• Exercise details:
When you copy the listing, reproduce each line as it appears and omit every image.

[[ Data below, beginning ]]

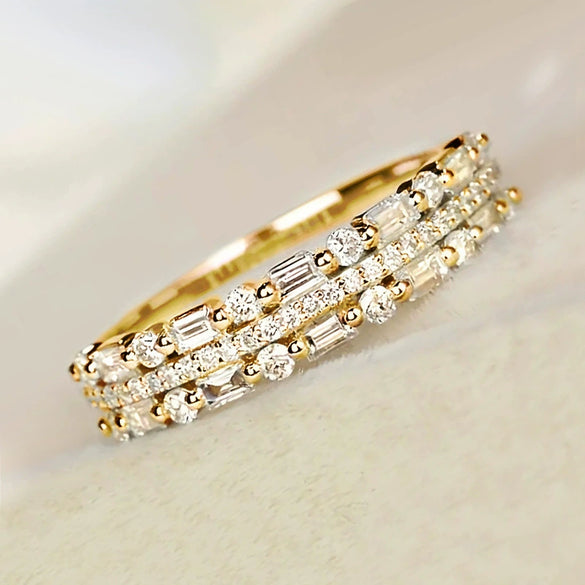 Wholesale Jewelry Geometric Copper Multi Layer Ring Inlaid Zircon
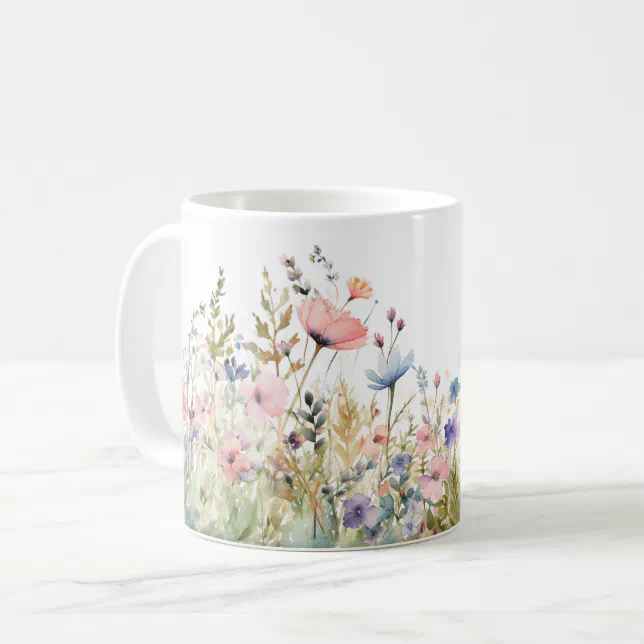 Cottagecore Wildflower Coaster Floral Coffee Mug | Zazzle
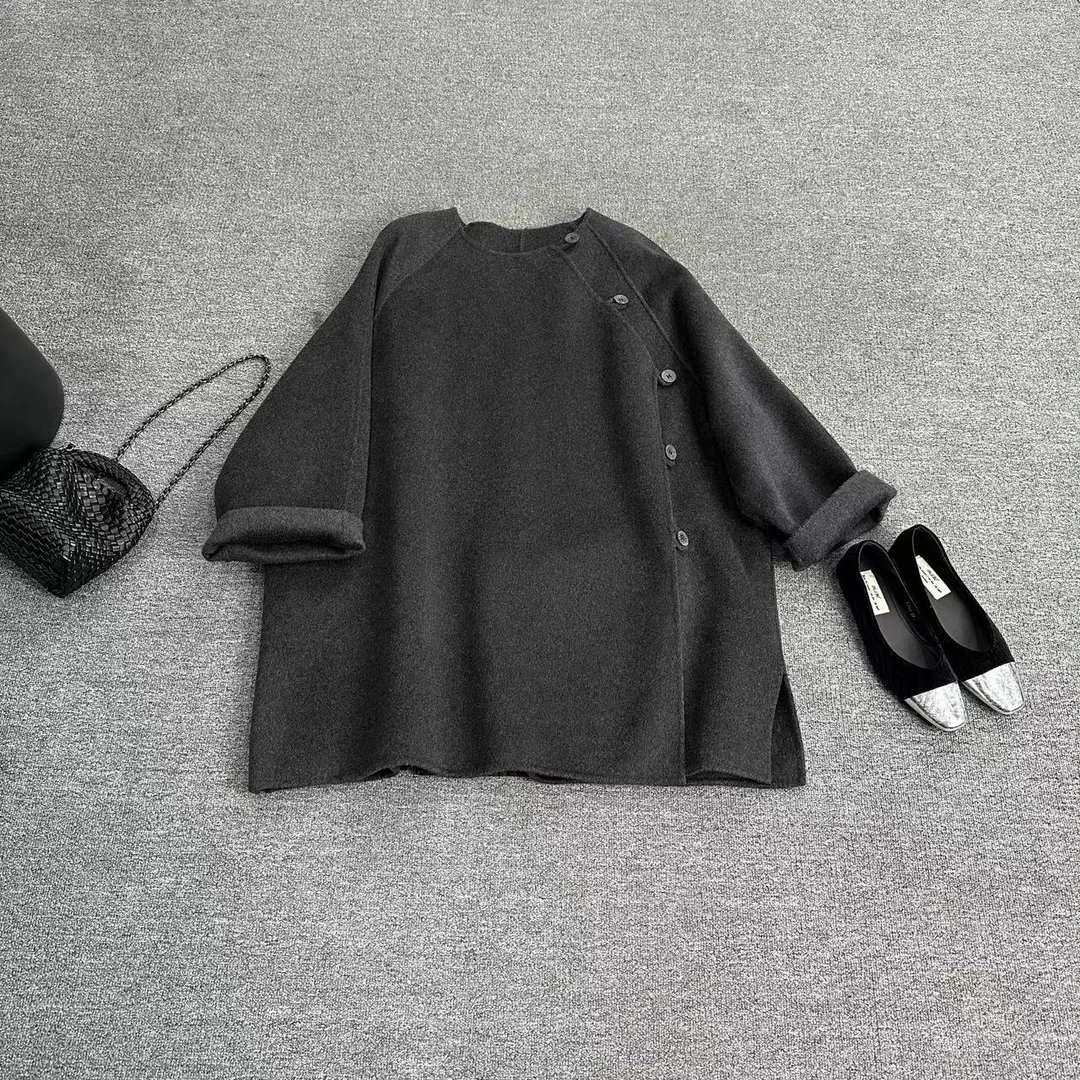 瑶睿安220斤 原创设计双面绒纯手工新中式斜襟大衣气质中长款521
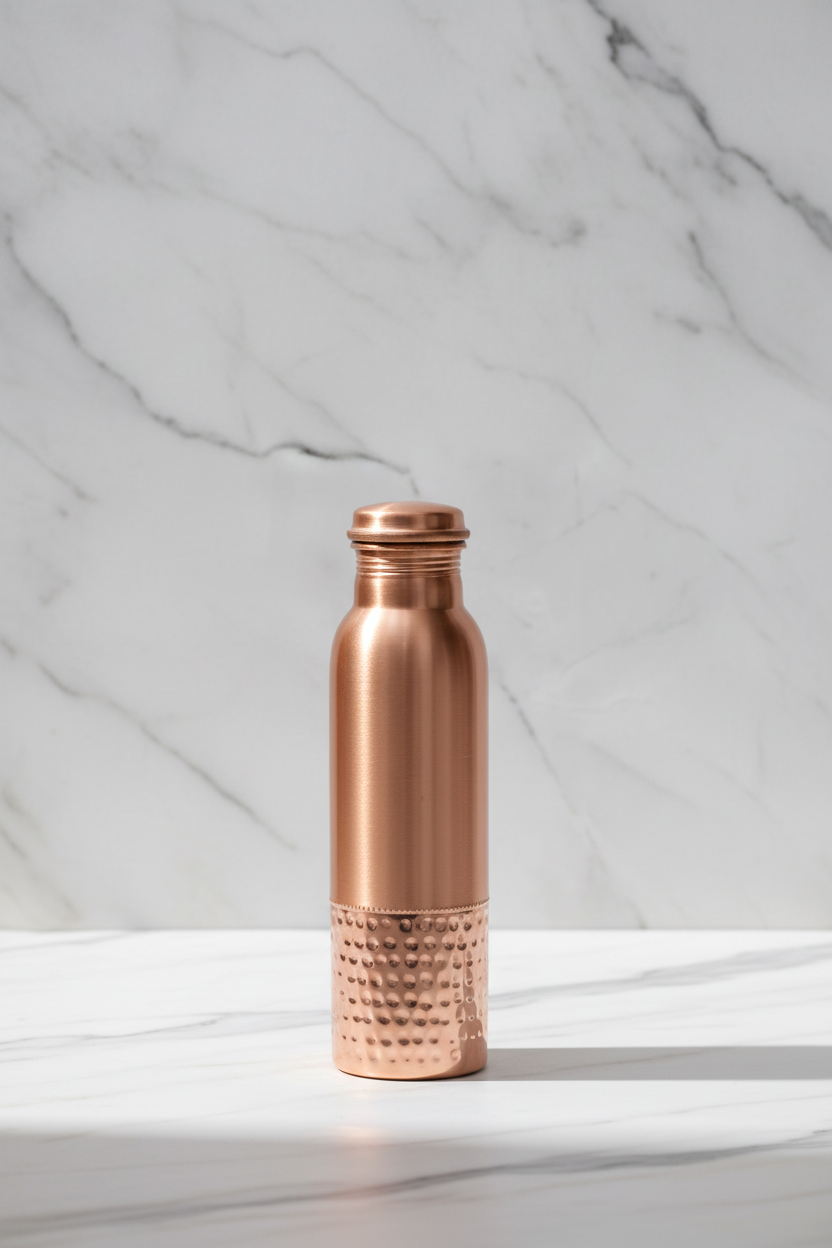 Pure Copper Water Bottle – Half Hammered Ayurvedic Design 950ml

[[ Data below, end ]]

• Written answer:
 Wholesale Jewelry Geometric Copper Multi Layer Ring Inlaid Zircon
 Cottagecore Wildflower Coaster Floral Coffee Mug | Zazzle
 瑶睿安220斤 原创设计双面绒纯手工新中式斜襟大衣气质中长款521
 Pure Copper Water Bottle – Half Hammered Ayurvedic Design 950ml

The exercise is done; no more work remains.